### YOUR INSTRUCTIONS
Below are records; reproduce exactly the lines from the one that has "Campo, sin financiamiento" through the one that has "Insignia Notaría Plata", ends included, and nothing more.
=======
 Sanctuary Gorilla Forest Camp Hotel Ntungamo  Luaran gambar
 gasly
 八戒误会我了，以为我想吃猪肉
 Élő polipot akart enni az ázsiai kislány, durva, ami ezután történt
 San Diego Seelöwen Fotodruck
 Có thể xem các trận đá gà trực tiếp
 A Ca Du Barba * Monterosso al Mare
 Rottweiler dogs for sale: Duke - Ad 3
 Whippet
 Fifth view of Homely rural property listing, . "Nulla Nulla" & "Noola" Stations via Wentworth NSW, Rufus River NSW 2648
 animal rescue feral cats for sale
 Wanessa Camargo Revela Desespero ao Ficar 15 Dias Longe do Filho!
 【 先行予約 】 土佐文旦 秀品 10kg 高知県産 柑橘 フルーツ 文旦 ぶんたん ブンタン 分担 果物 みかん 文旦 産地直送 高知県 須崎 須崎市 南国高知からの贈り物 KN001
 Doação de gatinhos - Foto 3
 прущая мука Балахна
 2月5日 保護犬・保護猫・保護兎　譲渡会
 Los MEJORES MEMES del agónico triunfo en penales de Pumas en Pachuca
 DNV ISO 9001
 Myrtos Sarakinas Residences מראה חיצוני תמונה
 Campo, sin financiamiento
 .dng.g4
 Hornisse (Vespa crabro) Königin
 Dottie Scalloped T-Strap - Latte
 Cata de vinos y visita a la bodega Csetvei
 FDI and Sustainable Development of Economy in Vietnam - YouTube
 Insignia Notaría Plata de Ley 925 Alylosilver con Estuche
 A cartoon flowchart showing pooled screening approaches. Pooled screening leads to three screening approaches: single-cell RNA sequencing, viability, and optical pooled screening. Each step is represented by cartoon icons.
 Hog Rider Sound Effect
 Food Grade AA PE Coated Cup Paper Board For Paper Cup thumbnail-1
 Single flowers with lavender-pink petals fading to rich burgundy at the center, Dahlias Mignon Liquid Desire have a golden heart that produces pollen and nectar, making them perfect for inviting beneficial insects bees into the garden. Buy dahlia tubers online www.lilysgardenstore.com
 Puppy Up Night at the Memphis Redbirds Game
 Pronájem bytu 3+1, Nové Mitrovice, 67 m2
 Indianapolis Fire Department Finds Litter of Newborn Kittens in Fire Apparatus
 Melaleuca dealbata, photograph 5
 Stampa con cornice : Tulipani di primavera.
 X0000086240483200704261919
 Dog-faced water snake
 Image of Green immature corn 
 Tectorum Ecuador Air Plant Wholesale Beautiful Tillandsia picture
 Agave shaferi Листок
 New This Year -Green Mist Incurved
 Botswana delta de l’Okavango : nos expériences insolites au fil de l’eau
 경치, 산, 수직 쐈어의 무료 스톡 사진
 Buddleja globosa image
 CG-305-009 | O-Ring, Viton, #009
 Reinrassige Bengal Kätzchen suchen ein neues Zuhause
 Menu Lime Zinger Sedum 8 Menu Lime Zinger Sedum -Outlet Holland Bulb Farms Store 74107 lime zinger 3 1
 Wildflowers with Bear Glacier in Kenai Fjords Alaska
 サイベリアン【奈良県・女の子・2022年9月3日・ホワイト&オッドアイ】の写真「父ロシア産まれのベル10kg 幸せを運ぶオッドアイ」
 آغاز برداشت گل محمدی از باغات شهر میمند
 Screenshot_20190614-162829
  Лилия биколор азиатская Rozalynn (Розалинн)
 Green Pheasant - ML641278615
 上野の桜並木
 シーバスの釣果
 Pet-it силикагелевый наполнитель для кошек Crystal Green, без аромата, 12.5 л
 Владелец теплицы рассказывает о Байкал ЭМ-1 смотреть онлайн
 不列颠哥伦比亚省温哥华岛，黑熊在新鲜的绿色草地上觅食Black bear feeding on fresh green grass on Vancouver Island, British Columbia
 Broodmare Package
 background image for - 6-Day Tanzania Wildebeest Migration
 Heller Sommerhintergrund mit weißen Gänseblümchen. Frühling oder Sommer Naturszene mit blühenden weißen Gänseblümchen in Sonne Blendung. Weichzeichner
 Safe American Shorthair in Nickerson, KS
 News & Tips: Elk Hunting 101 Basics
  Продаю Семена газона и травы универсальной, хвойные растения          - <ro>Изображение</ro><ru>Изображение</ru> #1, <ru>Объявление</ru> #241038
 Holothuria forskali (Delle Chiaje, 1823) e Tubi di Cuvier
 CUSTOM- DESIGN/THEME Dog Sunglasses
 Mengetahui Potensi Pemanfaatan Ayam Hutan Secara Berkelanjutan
=======
### RESPONSE TO THIS TASK
 Campo, sin financiamiento
 .dng.g4
 Hornisse (Vespa crabro) Königin
 Dottie Scalloped T-Strap - Latte
 Cata de vinos y visita a la bodega Csetvei
 FDI and Sustainable Development of Economy in Vietnam - YouTube
 Insignia Notaría Plata de Ley 925 Alylosilver con Estuche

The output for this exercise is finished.